You have within you much much more strength than anyone can imagine and probably much more than you will ever need.

Smelling the world

Their amazing life is mostly a result of their highly cooperative set up.  In terms of finding food, scouts will head out to find a good source and leave a chemical trail behind them.  Once they’ve found something tasty, they head back to the nest and strengthen the trail as they go.  Depending on the species you may then have leaf cutter ants head out followed by transporter ants to bring the bounty home.  The different roles are carried out by ants who have their own specialist adaptation for the job.

Without their amazing communication system they would probably fall into chaos, it is communication which makes the community work. 

Which feels like a very applicable statement for human life.  I hadn’t realised until just now that communication and community are linked right down to the actual word form.  We should also ask ourselves what we could achieve if we worked together in a cooperative and organised fashion.

Also, note that the ant’s world is very much one of smell as opposed to our highly visual world.  Maybe its a prompt towards scented candles or aromatherapy or just a reminder to us not to rely so heavily on our eyes for information.

Myths and folklore

We see the ant as a predictor in ancient Rome where Ceres used ant behaviour as divination and in a number of cultures, the ant is supposed to be able to to predict the weather.

In Cornwall it was unlucky to destroy an ants nest as ants were the souls of unbaptised children or faeries, as we’ll see later, the same was said to be true of frogs.

In a story from the Hopi Indians, we see that the ant has saved humanity not once but twice.  Another reminder that size does not matter, especially when you work together.

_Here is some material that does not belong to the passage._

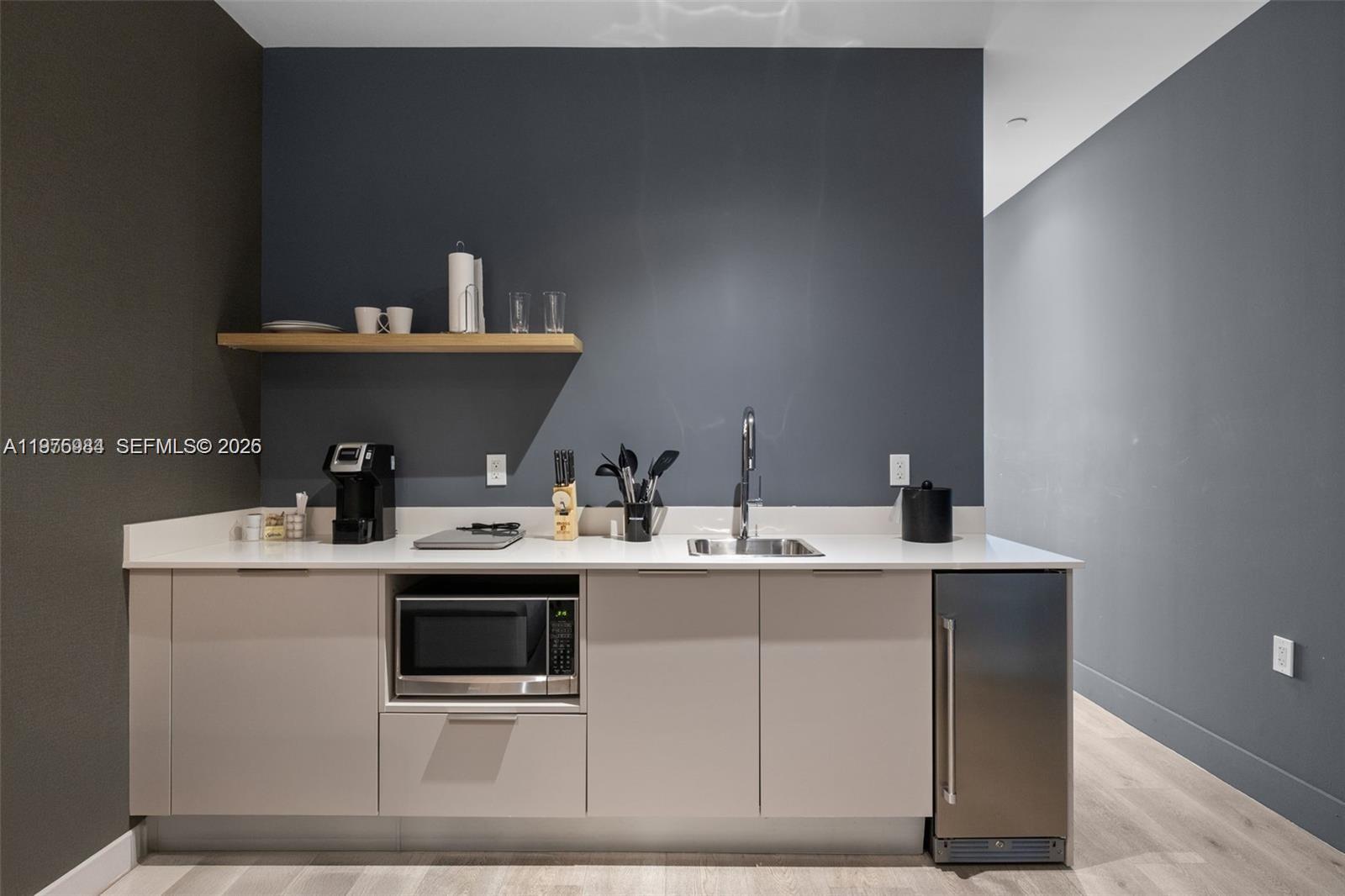 A kitchenette features light-colored cabinets, a stainless steel microwave, a sink, and a floating shelf — 229 SW 9th St # 705, Miami FL 33130, MIAMI, FL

In another myth, the bear and the ant are in conflict.  Life is all darkness and this is hard for the ant who is always busy working – she can’t see what she’s doing.  Bear liked the dark and accepted a contest from the ant thinking that she would clearly win any challenge against a feeble little ant… On the day of the dance off, there was a banquet of food.  Bear ate happily but the little ant decided that she should not eat anything despite her hunger.  As the contest went on, bear got fuller and fuller and sleepier and sleepier until she could no longer dance and thus the ant won.  But ant is community minded and thus she made a deal with the bear, there would be light but it would be followed by dark and thus even now, we have day and night.  I think it worked out well for the ant this way… her generosity means that she has night time to rest and isn’t working 24 hours a day… I don’t know if ants really care about day and night but my key message here is don’t work too hard!

The story of the ant and the grasshopper illustrates the ants diligence, patience, forethought and planning, all qualities which help the ant colony achieve their collective goals.

Given that we were looking at the fire ant, I would be tempted to take all these characteristics and essentially amp them up.  For example, where ant may symbolise hard work, fire ant may symbolise working too hard and burning out.